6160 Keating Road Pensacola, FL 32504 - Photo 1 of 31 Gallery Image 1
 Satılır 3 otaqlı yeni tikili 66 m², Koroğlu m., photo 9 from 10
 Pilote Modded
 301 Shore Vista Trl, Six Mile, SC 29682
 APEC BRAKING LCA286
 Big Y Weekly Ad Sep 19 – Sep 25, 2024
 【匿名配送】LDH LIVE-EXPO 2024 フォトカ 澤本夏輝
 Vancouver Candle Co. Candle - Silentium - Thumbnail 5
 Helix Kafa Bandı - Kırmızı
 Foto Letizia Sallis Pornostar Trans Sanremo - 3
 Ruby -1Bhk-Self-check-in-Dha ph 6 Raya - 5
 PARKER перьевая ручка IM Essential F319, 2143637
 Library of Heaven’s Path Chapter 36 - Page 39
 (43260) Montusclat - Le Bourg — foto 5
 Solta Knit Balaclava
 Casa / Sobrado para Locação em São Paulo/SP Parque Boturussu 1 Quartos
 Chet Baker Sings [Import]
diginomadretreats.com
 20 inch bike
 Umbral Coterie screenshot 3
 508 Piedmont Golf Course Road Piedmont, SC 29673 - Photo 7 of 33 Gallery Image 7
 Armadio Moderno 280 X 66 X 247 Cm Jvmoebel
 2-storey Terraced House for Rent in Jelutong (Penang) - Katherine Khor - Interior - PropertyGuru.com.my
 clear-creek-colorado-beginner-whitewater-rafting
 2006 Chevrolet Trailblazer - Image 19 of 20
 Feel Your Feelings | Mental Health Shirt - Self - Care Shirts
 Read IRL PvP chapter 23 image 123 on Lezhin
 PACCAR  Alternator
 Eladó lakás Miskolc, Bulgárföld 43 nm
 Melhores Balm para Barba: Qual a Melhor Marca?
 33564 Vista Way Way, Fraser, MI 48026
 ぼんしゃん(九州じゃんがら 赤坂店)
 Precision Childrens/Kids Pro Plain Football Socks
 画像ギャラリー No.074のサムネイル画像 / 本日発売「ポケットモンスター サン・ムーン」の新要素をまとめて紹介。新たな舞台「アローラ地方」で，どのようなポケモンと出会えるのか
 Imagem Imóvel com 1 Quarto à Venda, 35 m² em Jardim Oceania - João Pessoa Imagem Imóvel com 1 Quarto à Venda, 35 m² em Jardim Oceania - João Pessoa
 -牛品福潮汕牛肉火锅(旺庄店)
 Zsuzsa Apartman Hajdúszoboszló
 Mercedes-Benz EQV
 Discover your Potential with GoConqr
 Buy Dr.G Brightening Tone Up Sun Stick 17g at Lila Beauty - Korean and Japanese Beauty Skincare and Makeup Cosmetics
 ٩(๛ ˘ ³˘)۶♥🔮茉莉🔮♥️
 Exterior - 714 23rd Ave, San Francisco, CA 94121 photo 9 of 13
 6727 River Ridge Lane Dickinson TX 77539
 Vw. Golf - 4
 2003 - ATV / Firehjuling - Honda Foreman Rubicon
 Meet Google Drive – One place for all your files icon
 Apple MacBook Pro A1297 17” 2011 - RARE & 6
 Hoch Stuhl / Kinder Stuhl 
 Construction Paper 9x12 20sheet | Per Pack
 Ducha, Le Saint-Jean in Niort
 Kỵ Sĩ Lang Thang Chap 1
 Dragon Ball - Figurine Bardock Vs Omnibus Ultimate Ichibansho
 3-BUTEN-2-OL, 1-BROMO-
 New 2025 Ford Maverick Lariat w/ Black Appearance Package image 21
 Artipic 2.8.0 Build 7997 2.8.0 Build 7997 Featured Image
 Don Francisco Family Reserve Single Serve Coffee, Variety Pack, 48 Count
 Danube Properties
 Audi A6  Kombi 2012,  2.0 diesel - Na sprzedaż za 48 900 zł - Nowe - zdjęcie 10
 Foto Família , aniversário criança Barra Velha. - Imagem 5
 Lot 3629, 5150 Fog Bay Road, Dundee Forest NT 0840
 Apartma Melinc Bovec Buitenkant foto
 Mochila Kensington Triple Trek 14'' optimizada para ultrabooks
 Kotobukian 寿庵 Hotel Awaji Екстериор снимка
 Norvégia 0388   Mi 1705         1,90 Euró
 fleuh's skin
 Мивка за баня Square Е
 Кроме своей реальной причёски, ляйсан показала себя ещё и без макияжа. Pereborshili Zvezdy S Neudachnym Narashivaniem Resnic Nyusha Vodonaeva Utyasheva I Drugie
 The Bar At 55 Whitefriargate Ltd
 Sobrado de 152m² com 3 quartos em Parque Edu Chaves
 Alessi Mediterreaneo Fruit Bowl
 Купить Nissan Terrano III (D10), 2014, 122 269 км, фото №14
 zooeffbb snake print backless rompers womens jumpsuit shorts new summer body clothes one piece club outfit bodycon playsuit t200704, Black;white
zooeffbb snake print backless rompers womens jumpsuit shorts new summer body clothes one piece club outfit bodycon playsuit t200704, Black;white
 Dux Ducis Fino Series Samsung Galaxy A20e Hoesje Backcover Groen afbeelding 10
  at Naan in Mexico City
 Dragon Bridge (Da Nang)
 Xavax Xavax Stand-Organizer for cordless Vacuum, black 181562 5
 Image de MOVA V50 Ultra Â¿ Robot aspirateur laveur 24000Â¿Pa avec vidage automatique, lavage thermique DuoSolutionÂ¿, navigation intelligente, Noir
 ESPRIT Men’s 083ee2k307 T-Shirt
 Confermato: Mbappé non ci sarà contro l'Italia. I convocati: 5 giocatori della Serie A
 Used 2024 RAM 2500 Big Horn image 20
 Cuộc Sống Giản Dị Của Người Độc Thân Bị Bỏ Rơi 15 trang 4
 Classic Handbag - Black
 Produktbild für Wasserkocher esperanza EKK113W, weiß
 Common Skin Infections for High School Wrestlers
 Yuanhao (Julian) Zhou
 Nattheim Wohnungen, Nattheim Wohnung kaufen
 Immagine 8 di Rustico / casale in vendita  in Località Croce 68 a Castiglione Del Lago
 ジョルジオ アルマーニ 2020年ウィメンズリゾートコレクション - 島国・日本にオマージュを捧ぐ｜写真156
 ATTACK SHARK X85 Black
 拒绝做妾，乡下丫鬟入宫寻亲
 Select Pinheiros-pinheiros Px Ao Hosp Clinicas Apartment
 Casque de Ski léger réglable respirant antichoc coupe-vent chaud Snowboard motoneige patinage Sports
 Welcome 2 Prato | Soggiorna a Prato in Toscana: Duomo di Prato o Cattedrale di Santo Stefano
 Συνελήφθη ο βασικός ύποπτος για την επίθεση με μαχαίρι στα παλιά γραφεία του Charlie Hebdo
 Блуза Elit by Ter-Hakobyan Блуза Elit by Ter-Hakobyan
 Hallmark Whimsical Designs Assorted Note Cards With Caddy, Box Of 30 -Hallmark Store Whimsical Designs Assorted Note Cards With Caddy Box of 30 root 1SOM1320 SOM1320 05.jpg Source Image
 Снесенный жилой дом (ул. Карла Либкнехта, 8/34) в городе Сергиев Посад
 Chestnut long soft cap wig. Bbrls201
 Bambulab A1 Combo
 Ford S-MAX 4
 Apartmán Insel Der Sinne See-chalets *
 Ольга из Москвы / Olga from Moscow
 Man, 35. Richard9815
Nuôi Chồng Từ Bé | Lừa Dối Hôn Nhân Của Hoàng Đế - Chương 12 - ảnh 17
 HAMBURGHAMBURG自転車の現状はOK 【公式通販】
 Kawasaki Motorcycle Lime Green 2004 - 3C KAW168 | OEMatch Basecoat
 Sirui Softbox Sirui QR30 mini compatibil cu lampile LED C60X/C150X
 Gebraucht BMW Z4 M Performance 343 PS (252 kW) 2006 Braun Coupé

· · · ·

WORK REQUEST:
Which lines hold the word "Road"? Return all of them from the records above.

ANSWER TO THE PROBLEM:
6160 Keating Road Pensacola, FL 32504 - Photo 1 of 31 Gallery Image 1
 508 Piedmont Golf Course Road Piedmont, SC 29673 - Photo 7 of 33 Gallery Image 7
 Lot 3629, 5150 Fog Bay Road, Dundee Forest NT 0840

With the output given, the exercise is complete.